START Record excerpts
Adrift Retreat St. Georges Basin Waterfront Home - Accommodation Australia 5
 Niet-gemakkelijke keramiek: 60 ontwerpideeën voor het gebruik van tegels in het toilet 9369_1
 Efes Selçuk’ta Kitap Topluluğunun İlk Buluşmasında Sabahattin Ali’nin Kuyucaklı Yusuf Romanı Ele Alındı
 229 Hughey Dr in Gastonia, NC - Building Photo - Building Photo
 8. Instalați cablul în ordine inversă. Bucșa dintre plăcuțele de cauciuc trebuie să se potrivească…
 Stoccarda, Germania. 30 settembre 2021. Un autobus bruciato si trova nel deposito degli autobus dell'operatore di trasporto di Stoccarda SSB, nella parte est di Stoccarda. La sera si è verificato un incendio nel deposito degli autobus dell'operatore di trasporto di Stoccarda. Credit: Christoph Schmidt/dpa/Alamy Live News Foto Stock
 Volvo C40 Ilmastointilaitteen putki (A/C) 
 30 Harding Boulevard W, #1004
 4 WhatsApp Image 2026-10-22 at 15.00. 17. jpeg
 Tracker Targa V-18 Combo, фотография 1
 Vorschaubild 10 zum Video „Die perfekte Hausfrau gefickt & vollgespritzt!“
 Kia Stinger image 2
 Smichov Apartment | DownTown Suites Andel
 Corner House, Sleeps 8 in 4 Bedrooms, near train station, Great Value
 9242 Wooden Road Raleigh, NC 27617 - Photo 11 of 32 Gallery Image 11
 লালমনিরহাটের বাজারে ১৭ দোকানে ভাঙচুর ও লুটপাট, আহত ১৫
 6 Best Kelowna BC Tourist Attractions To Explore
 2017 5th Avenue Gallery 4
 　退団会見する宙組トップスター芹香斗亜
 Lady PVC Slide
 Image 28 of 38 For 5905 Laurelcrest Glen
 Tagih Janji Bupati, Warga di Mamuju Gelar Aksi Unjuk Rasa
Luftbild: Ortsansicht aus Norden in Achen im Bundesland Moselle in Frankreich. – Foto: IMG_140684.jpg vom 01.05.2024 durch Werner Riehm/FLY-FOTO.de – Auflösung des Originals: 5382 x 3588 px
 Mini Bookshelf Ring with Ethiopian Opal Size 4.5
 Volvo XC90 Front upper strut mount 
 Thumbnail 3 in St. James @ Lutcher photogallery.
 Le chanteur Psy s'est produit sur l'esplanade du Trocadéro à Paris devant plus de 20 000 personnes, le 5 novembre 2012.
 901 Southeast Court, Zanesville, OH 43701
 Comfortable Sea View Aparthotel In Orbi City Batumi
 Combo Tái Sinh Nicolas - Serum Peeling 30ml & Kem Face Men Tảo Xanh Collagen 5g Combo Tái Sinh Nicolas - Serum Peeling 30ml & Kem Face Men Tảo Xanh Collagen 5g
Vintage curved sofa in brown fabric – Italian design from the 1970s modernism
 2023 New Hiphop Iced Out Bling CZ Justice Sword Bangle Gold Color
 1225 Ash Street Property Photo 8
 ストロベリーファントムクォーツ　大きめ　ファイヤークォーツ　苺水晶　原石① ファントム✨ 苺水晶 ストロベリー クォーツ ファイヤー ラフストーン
END Record excerpts
• _Work task_: Going back over the entries above, copy word for word every line from the one that has "Image 28 of 38 For 5905 Laurelcrest Glen" on through the one that has "Tagih Janji Bupati, Warga".

• _Answer to this exercise_:
 Image 28 of 38 For 5905 Laurelcrest Glen
 Tagih Janji Bupati, Warga di Mamuju Gelar Aksi Unjuk Rasa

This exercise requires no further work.